ECLI:NL:RBDHA:2024:15565
Rechtbank Den Haag
- Eerste aanleg - enkelvoudig
- Rechtspraak.nl
Beoordeling van een beroep tegen de afwijzing van een verzoek om rectificatie van persoonsgegevens door het Uitvoeringsinstituut werknemersverzekeringen
In deze uitspraak beoordeelt de rechtbank het beroep van eiseres tegen de afwijzing van haar verzoek om rectificatie van haar persoonsgegevens door de Raad van Bestuur van het Uitvoeringsinstituut werknemersverzekeringen. Eiseres had op 6 februari 2023 een verzoek ingediend om rectificatie, dat door verweerder werd afgewezen. Het bezwaar dat eiseres hiertegen indiende, werd op 8 juni 2023 eveneens afgewezen. De rechtbank heeft het beroep op 9 juli 2024 behandeld, waarbij zowel eiseres als de gemachtigde van verweerder aanwezig waren.
De rechtbank oordeelt dat verweerder niet onterecht heeft geweigerd om de rapportage van een verzekeringsarts uit 2012 aan te passen.
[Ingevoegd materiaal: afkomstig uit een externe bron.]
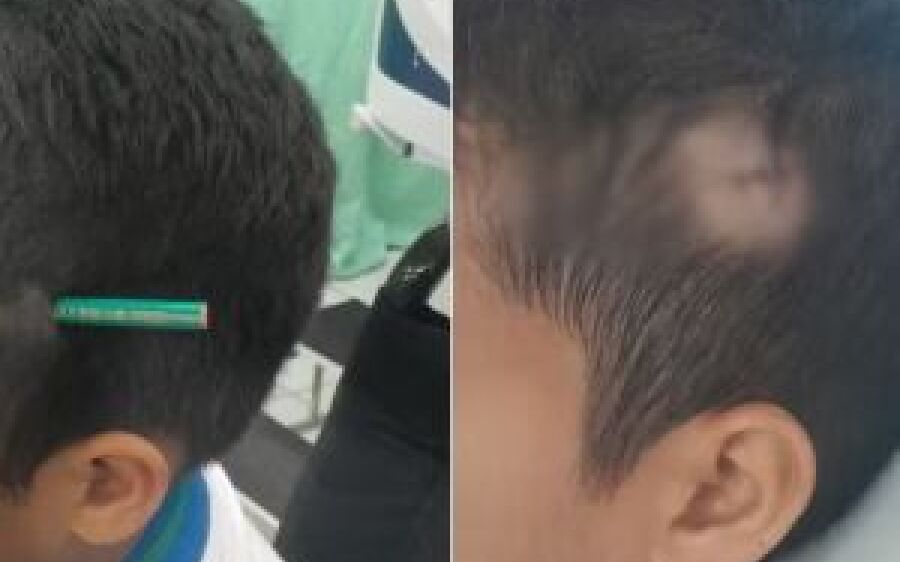 Estudante crava lápis na cabeça de colega após briga dentro de escola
Eiseres stelde dat er onjuistheden in de rapportage stonden, maar de rechtbank concludeert dat deze onjuistheden niet eenvoudig vast te stellen zijn. De rechtbank wijst erop dat het recht op rectificatie volgens de AVG niet bedoeld is om meningen of indrukken te corrigeren, maar enkel om feitelijke onjuistheden te rectificeren. Eiseres heeft niet voldoende bewijs geleverd dat de rapportage onjuist of onvolledig was.
De rechtbank verklaart het beroep ongegrond, wat betekent dat het bestreden besluit van verweerder in stand blijft. Eiseres krijgt geen griffierecht terug en ook geen vergoeding van haar proceskosten. De uitspraak is gedaan door rechter E.K.S. Mollen en is openbaar uitgesproken op 10 september 2024.